**Supplied information:**
= Beginning of Section =

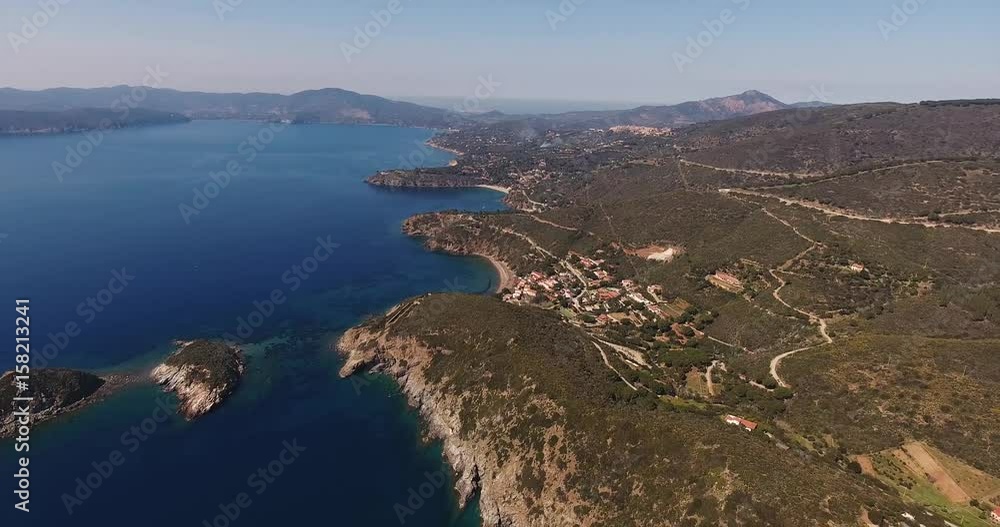 Aerial shot of a beautiful Elba island with its gorgeous paradisiac sea in Tuscany, Italy, 4K Aerial shot of a beautiful Elba island with its gorgeous paradisiac sea in Tuscany, Italy, 4K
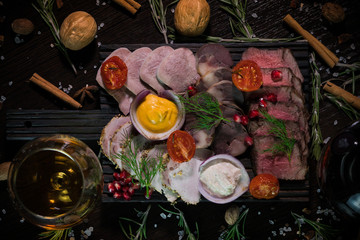 meat delicacies with a glass of white wine, decorated with tomatoes, walnuts and cinnamon on a dark background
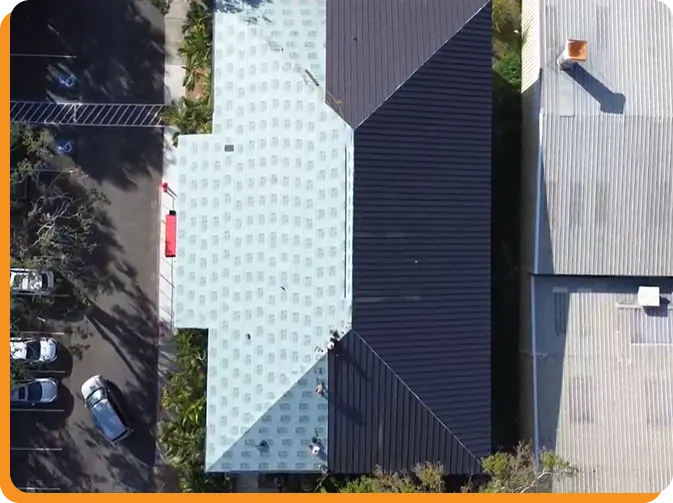 Commercial roofing contractor inspecting a flat roof in Tampa, Florida with city skyline, roofing materials, and storm-ready commercial building exterior.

= End of Section =

**Instructions to follow:** Write out an exact reproduction of the lines from the line that holds "meat delicacies with" to the bottom of the listing above, both ends included. Exclude pictures.

**Answer to the exercise:**
 meat delicacies with a glass of white wine, decorated with tomatoes, walnuts and cinnamon on a dark background
 Commercial roofing contractor inspecting a flat roof in Tampa, Florida with city skyline, roofing materials, and storm-ready commercial building exterior.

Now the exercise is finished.